___ Information shown

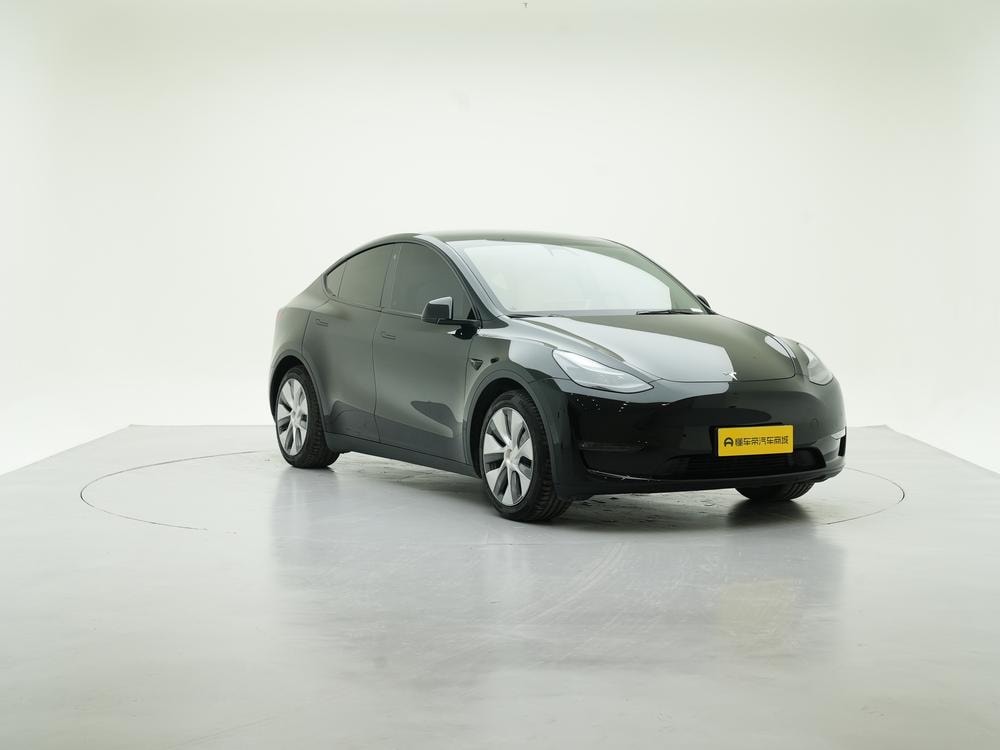 Tesla Model Y 2021 — фото автомобиля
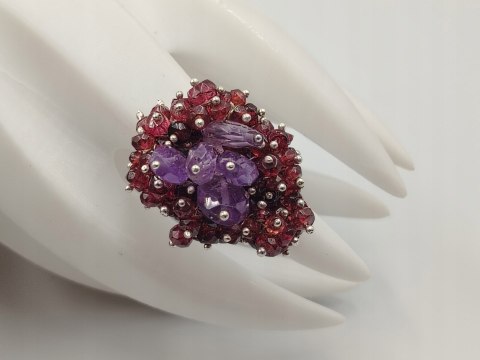 Stary srebrny damski pierścionek GRANATY / AMETYST r.13 VINTAGE biżuteria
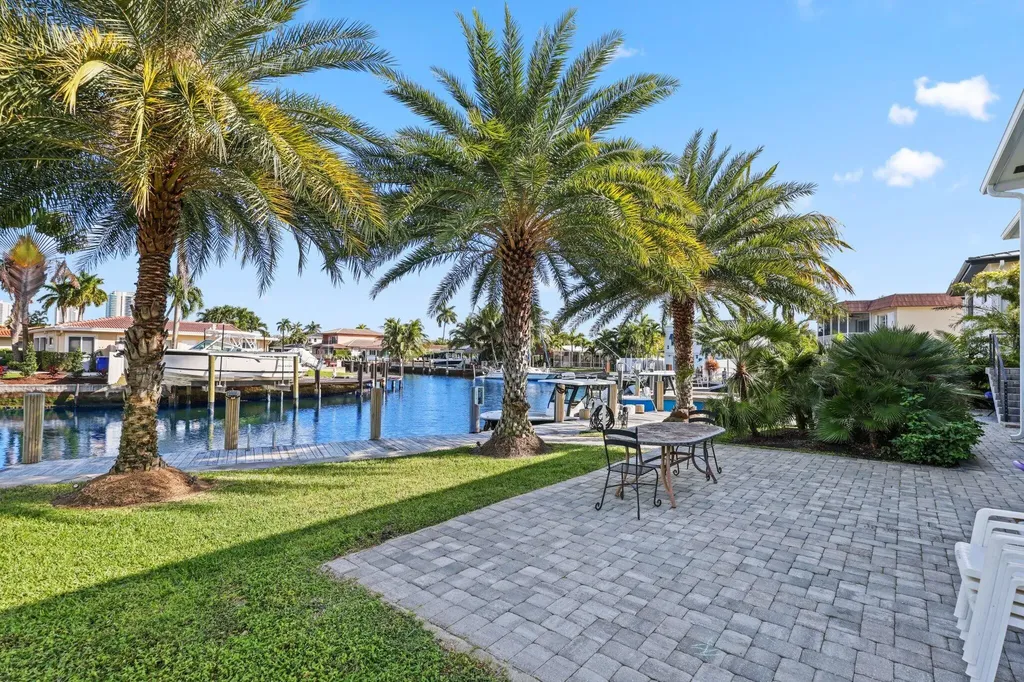 830 SE 22nd Avenue Pompano Beach FL 33062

______

* Task statement *
Would you set down each line of the data exactly, with no images included?

* Task response *
 Tesla Model Y 2021 — фото автомобиля
 Stary srebrny damski pierścionek GRANATY / AMETYST r.13 VINTAGE biżuteria
 830 SE 22nd Avenue Pompano Beach FL 33062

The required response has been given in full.